▶ **Your goal**:
Below are the records; return exactly the lines from the one with "[Porträtt av en" through the final line, both included, minus any pictures.

═══ Supplied material ═══

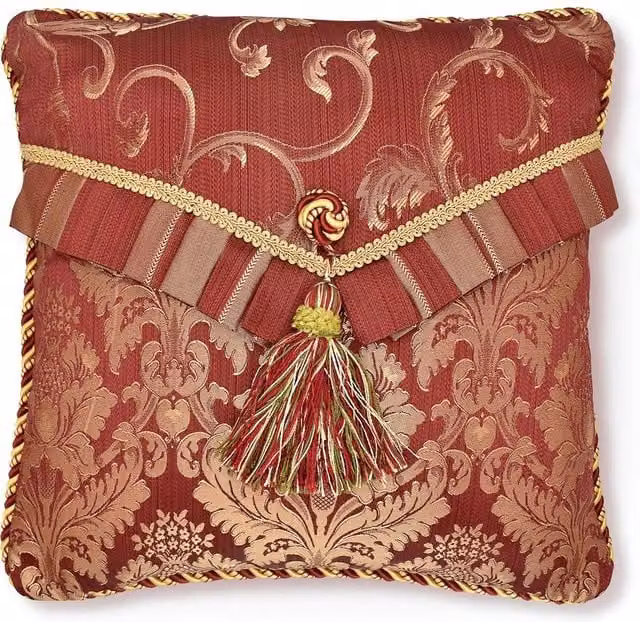 Intimates Raajh Cuf Burgundy Floral Jacquard Filled Cushion, W x D: 43 x 43 cm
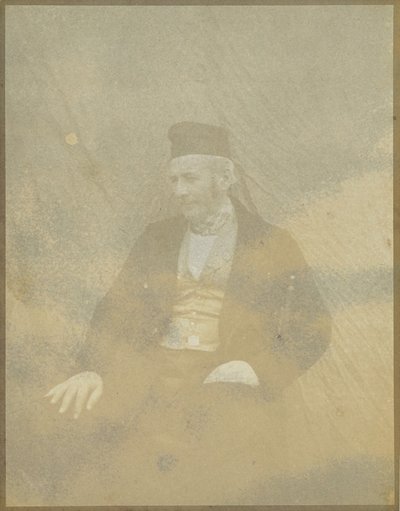 [Porträtt av en sittande man i keps] av Hippolyte Bayard
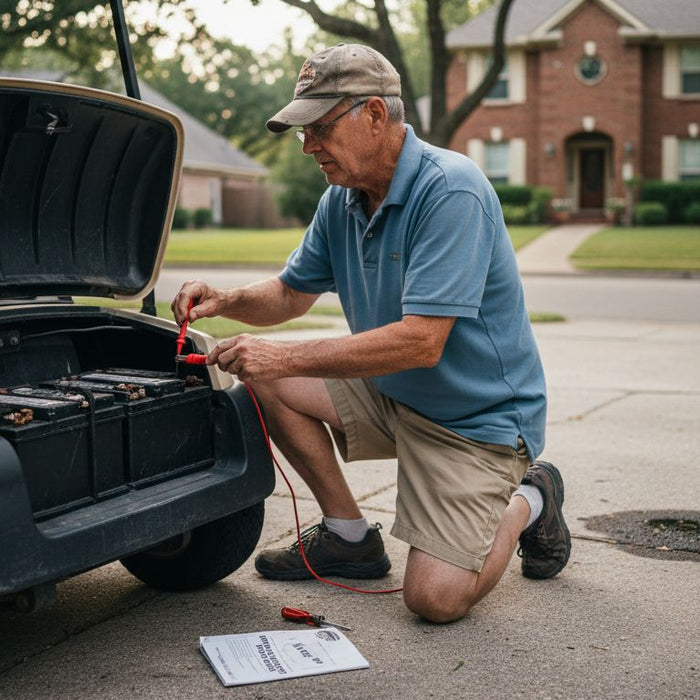 Golf cart owner inspecting battery upgrade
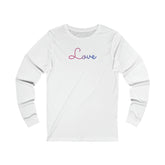 Bisexual Love Script Long Sleeve T-Shirt: Subtly Elegant Pride Tee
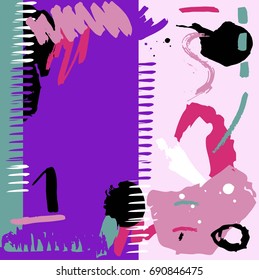 Hand drawn stylized grunge geometry set bright color. Flat vector style illustration. Abstract placard. (Can be used as texture for cards, invitations, DIY projects, web sites or for any other design)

═══

▶ **Output of the exercise**:
 [Porträtt av en sittande man i keps] av Hippolyte Bayard
 Golf cart owner inspecting battery upgrade
 Bisexual Love Script Long Sleeve T-Shirt: Subtly Elegant Pride Tee
 Hand drawn stylized grunge geometry set bright color. Flat vector style illustration. Abstract placard. (Can be used as texture for cards, invitations, DIY projects, web sites or for any other design)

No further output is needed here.